Die Gründe, aus denen der Senat Geschäfte mit abgetrennten Aktienoptionsscheinen als Kassageschäfte angesehen hat, treffen auf abgetrennte Währungsoptionsscheine zwar teilweise nicht zu. § 221 AktG ist auf abgetrennte Währungsoptionsscheine nicht entsprechend anzuwenden. Gleichwohl sind nach dem wirtschaftlichen Zweck, der für die Qualifizierung als Börsentermingeschäft von maßgeblicher Bedeutung ist, und unter Berücksichtigung des Schutzbedürfnisses der Geschäftspartner auch Geschäfte mit abgetrennten Währungsoptionsscheinen als Kassageschäfte anzusehen.

Ebenso wie abtrennbare Aktienoptionsscheine sind auch abtrennbare Währungsoptionsscheine wirtschaftlich ein legitimes Instrument zur Beschaffung von Kapital zu Zinssätzen unter dem Marktzins. Der niedrigere Zinssatz wird jeweils durch die Chance kompensiert, mit Hilfe der abtrennbaren Optionsscheine Spekulationsgewinne zu erzielen.

Die in US-Dollar bilanzierende Emittentin der DM-Auslandsanleihe hat hier zuudem mit der Ausgabe abtrennbrer Dollaroptionsscheine nicht das Risiko eines Stillhalters übernommen. Wenn der US-Dollar bei Fälligkeit der DM-Anleihe gegenüber der Deutschen Mark höher notiert als bei der Emission, ergibt sich für die Emittentin der Anleihe ein Kursgewinn.

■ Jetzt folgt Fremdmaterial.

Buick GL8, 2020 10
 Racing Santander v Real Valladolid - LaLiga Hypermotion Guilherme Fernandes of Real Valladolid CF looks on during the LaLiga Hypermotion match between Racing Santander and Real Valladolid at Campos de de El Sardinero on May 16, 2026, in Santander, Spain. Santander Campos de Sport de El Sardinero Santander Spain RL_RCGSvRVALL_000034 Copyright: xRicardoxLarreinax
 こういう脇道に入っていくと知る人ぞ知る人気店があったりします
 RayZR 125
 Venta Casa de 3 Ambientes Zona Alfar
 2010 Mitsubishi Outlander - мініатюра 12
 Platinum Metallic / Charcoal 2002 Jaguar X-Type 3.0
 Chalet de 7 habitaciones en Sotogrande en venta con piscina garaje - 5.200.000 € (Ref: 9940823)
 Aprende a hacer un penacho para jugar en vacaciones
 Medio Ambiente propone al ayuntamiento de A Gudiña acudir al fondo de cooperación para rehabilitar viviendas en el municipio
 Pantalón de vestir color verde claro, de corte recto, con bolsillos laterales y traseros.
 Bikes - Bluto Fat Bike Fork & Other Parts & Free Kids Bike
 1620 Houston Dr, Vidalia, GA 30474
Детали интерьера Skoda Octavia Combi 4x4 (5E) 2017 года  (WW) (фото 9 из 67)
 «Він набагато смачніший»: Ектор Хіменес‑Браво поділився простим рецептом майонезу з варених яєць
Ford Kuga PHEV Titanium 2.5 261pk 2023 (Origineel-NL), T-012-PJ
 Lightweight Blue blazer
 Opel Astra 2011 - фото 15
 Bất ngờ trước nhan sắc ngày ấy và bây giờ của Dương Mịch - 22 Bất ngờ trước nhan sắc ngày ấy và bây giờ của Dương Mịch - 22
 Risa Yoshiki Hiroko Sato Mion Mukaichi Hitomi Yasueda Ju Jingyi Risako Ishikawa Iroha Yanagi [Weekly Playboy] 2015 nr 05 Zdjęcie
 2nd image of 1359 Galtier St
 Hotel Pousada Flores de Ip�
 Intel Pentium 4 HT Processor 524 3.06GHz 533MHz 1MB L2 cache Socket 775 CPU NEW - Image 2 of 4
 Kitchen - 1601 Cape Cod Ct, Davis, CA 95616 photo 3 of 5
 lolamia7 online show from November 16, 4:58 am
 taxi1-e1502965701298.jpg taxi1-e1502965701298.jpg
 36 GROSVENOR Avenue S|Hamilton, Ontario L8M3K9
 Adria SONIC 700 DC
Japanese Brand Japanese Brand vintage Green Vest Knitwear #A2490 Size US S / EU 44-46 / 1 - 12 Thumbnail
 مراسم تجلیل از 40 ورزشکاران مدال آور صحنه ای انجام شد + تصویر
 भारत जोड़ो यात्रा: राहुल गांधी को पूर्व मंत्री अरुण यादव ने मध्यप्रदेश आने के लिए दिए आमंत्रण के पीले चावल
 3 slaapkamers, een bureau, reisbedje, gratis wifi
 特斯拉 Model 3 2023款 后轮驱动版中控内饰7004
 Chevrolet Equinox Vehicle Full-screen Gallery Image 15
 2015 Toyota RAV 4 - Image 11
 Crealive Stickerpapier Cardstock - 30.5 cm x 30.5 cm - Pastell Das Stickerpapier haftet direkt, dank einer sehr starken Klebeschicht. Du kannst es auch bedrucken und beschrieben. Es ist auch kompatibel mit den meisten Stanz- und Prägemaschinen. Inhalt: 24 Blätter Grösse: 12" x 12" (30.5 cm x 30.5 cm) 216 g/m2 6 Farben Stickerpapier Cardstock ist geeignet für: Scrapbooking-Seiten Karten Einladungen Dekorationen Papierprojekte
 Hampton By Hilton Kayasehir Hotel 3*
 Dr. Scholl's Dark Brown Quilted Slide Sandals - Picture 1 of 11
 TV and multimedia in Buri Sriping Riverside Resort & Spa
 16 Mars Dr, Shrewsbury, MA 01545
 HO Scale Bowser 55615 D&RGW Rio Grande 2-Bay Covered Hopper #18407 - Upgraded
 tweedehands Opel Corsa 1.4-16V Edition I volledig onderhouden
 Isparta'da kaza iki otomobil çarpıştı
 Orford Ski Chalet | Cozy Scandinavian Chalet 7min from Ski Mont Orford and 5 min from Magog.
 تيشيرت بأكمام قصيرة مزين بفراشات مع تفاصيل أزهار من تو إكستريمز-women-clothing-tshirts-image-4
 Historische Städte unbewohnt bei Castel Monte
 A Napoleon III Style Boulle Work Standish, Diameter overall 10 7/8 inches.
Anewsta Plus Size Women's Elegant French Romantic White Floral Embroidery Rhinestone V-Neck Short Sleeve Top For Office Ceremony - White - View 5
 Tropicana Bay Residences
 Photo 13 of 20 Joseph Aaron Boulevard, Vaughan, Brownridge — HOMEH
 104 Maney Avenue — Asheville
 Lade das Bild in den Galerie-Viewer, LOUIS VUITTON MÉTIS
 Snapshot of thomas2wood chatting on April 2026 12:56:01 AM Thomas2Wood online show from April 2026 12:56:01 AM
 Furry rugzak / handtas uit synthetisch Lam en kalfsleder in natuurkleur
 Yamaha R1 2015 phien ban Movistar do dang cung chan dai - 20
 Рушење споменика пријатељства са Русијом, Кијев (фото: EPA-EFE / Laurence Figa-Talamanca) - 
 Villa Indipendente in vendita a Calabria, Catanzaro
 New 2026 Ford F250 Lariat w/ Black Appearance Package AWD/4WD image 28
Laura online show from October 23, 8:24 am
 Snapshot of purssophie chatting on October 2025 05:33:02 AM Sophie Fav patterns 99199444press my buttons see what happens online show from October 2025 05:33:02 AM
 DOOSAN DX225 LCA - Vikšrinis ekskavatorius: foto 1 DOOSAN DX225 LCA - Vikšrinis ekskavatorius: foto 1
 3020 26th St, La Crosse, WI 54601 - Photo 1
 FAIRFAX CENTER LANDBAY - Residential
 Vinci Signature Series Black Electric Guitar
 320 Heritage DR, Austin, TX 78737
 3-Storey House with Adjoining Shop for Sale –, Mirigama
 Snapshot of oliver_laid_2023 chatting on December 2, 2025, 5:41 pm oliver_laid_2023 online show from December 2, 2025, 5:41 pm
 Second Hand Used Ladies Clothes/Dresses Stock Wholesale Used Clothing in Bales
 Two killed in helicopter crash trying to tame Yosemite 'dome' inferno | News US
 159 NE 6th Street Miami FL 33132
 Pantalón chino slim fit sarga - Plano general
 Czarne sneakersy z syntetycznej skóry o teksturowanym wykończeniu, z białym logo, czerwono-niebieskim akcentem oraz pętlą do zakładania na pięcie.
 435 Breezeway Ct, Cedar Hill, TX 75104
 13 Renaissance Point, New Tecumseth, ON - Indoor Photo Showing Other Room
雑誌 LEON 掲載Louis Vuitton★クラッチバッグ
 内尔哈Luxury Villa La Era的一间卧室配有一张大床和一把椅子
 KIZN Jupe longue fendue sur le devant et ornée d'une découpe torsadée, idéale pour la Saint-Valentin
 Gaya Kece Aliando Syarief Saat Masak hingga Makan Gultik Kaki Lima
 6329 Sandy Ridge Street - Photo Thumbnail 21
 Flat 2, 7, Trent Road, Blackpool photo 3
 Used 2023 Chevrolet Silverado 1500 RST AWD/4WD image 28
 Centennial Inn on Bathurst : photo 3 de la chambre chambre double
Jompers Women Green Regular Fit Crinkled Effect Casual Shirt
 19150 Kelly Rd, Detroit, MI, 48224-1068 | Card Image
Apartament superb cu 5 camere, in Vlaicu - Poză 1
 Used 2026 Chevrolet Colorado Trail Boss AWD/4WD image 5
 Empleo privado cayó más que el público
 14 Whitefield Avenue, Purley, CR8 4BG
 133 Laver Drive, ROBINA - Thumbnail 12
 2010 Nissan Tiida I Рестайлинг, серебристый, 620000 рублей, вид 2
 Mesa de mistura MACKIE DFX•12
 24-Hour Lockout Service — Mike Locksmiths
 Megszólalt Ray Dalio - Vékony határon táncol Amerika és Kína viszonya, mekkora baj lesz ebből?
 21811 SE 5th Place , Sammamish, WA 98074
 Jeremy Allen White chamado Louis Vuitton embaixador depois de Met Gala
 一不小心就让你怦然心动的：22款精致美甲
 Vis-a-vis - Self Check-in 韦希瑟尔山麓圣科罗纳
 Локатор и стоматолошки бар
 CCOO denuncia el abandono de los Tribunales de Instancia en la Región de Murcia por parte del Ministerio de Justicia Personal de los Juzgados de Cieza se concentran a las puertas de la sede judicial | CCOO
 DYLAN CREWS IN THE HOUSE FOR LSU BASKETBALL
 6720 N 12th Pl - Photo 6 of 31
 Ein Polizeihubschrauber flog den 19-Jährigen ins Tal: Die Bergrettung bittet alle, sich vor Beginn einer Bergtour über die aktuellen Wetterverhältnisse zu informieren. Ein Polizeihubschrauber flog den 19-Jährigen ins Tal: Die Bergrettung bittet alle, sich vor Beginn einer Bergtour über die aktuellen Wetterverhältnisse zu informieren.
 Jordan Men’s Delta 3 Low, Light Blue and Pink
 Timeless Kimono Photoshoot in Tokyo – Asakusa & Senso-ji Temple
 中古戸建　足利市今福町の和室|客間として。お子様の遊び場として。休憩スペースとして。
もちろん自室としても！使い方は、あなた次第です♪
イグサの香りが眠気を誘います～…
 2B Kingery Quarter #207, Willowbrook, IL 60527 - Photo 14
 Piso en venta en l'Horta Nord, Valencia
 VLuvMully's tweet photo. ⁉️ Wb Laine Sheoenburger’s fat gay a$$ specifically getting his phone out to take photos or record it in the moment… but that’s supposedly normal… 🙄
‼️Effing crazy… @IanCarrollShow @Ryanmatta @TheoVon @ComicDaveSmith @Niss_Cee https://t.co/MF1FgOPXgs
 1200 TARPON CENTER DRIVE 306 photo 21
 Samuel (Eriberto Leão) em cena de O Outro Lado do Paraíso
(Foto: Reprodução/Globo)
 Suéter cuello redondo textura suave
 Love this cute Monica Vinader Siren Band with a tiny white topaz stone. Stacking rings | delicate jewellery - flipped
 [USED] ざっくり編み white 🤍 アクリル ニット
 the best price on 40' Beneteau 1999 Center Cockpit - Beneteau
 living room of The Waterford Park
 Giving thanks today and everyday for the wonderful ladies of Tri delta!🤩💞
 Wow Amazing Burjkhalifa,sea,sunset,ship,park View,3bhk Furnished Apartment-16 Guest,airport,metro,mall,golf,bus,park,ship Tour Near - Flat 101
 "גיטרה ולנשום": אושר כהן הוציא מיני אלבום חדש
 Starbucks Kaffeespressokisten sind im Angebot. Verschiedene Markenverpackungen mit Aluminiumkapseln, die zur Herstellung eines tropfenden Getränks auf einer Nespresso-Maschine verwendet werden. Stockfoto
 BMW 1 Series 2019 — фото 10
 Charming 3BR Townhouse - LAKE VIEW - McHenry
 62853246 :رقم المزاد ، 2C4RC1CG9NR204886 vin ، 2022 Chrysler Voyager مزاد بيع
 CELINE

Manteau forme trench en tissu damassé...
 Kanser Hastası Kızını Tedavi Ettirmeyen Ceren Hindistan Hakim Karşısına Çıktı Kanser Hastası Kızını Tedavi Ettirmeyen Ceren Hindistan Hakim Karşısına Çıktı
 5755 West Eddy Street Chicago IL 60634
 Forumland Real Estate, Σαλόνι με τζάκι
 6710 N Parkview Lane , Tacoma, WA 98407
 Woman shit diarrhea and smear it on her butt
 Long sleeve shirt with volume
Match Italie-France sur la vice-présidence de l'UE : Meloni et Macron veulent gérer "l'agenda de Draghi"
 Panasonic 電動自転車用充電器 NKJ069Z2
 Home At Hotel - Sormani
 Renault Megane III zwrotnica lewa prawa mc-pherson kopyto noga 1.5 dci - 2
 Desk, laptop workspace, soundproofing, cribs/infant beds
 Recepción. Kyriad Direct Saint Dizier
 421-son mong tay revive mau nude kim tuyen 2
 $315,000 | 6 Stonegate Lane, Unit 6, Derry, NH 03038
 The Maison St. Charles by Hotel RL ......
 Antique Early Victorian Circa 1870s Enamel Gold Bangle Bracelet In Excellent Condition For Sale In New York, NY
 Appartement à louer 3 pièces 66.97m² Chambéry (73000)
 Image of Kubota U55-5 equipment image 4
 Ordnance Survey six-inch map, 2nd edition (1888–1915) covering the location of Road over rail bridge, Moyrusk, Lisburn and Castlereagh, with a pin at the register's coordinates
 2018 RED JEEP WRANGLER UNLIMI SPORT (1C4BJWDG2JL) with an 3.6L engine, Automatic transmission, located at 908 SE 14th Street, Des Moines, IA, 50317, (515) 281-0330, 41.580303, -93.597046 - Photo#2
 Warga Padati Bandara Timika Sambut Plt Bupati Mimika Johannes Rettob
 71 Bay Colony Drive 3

Einen Teil dieses Kursgewinns büßt sie durch die Ausgabe abtrennbarer Dollaroptionsscheine ein. Ist der Kurs des US-Dollar im Verhältnis zur Deutschen Mark bei Fälligkeit der Anleihe niedriger als bei der Emission, ist die in den abtrennbaren Scheinen verbriefte Option wertlos und wird nicht ausgeübt.

Auch der Schutz des Erstkäufers einer Anleihe mit abtrennbaren Aktien- oder Währungsoptionsscheinen gebietet die Anwendung des § 53 BörsG a.F. nicht. Für den Erstkäufer besteht weder das für Termingeschäfte typische Risiko eines Totalverlustes seines Einsatzes noch ist die Verlockung gegeben, mit verhältnismäßig geringem Kapitaleinsatz hohe Gewinne zu erzielen (zur Bedeutung dieser Risiken für die Qualifikation einer Anlage als Börsentermingeschäft s. Kümpel WM 1997, 49, 52 f.). Der Erstkäufer muß den vollen Kaufpreis für die verzinsliche Anleihe aufbringen, die bei Fälligkeit zu 100% zurückgezahlt wird. Die abtrennbaren Währungsoptionsscheine erhält er dafür, daß er eine mit einem nicht marktgerechten Zinssatz ausgestattete Anleihe kauft. Für den Käufer nur der abgetrennten Währungsoptionsscheine ist die Risikolage zwar eine andere; sie unterscheidet sich nicht von der beim Erwerb selbständiger Optionsscheine. Das Totalverlustrisiko des Zweiterwerbers hat indes auch bei der Qualifikation von Geschäften mit abgetrennten Aktienoptionsscheinen als Kassageschäfte keine Rolle gespielt (BGHZ 114, 177, 182).

Die Gleichbehandlung von Geschäften mit abgetrennten Währungsoptionsscheinen und abgetrennten Aktienoptionsscheinen als Kassageschäfte hat überdies den Vorzug der Rechtsklarheit und damit der Rechtssicherheit.